1 Objective/Overview

The objective of this project is to use neural network with keras to solve regression problem in Python and R. This project is originally done in Python in Deep Learning with Keras, from Antonio Gulli and Sujit Pal, Keras regression example - predicting benzene levels in the air. Here we also do with R with some improvision.

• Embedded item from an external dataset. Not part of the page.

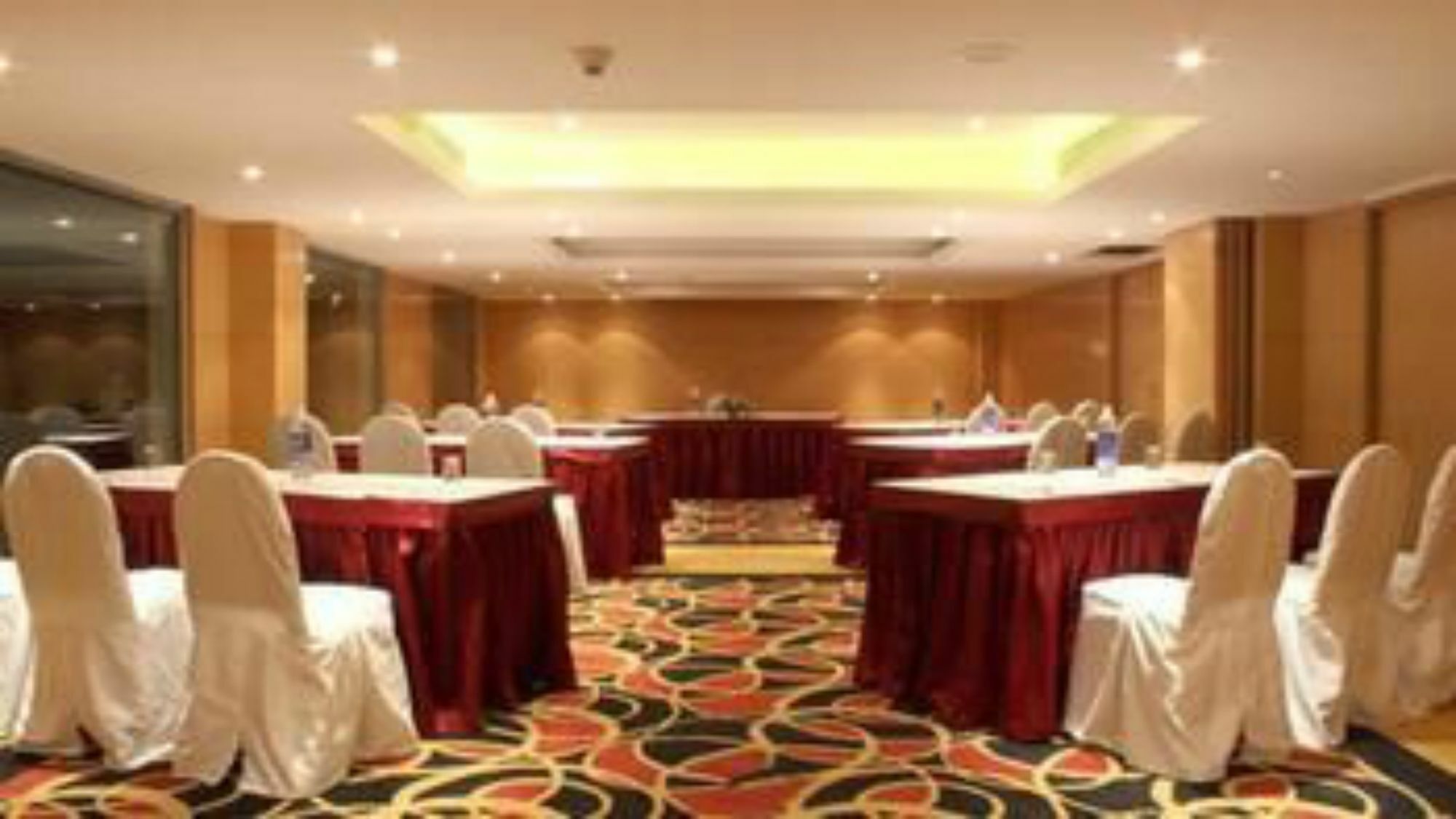 Lemon Tree Hotel Whitefield, Bengaluru Buitenkant foto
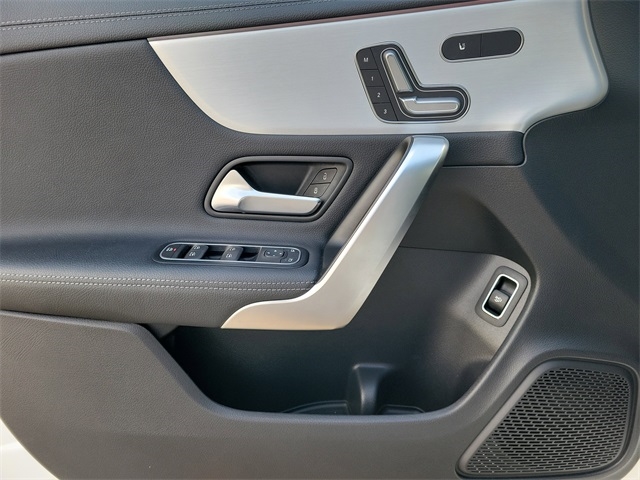 Mercedes-Benz CLA-Class CLA250 4MATIC 2023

This section executes purple part of the project flow shown in the figure below in R.

1.2 Data source:

Courtesy of https://archive.ics.uci.edu/ml/datasets/Air+Quality

temp <- tempfile()
download.file("https://archive.ics.uci.edu/ml/machine-learning-databases/00360/AirQualityUCI.zip",
              temp)
df_data <- read.table(unz(temp, "AirQualityUCI.csv"), sep=";", dec=",", header=TRUE)
unlink(temp)
colnames(df_data)
##  [1] "Date"          "Time"          "CO.GT."        "PT08.S1.CO."  
##  [5] "NMHC.GT."      "C6H6.GT."      "PT08.S2.NMHC." "NOx.GT."      
##  [9] "PT08.S3.NOx."  "NO2.GT."       "PT08.S4.NO2."  "PT08.S5.O3."  
## [13] "T"             "RH"            "AH"            "X"            
## [17] "X.1"
#https://github.com/rstudio/keras/issues/311

2 Cleaning and Saving File

#df_data <- read.table("c:/ds_local/dataset/AirQualityUCI.csv", dec=",", sep=";", header=TRUE)
head(df_data)
library(visdat)
## Warning: package 'visdat' was built under R version 3.4.4
vis_dat(df_data)
## Warning: package 'bindrcpp' was built under R version 3.4.3

vis_miss(df_data)

# last two columns has no data.
df_data$X <- NULL;df_data$X.1 <- NULL
# Date Time has no impact on prediction
df_data$Date <- NULL;df_data$Time <- NULL
# We delete all rows than as any column with NA 
df_data <- na.omit(df_data)

# curating the column names
colnames(df_data)
##  [1] "CO.GT."        "PT08.S1.CO."   "NMHC.GT."      "C6H6.GT."     
##  [5] "PT08.S2.NMHC." "NOx.GT."       "PT08.S3.NOx."  "NO2.GT."      
##  [9] "PT08.S4.NO2."  "PT08.S5.O3."   "T"             "RH"           
## [13] "AH"
colnames(df_data) <- gsub("\\.", "_", colnames(df_data)) # repalce . with _
colnames(df_data) <- gsub("_$","", colnames(df_data)) # remove last _ character

write.csv(df_data,
          file="c:/ds_local/dataset/AirQualityUCI_cleaned.csv",
          row.names = FALSE)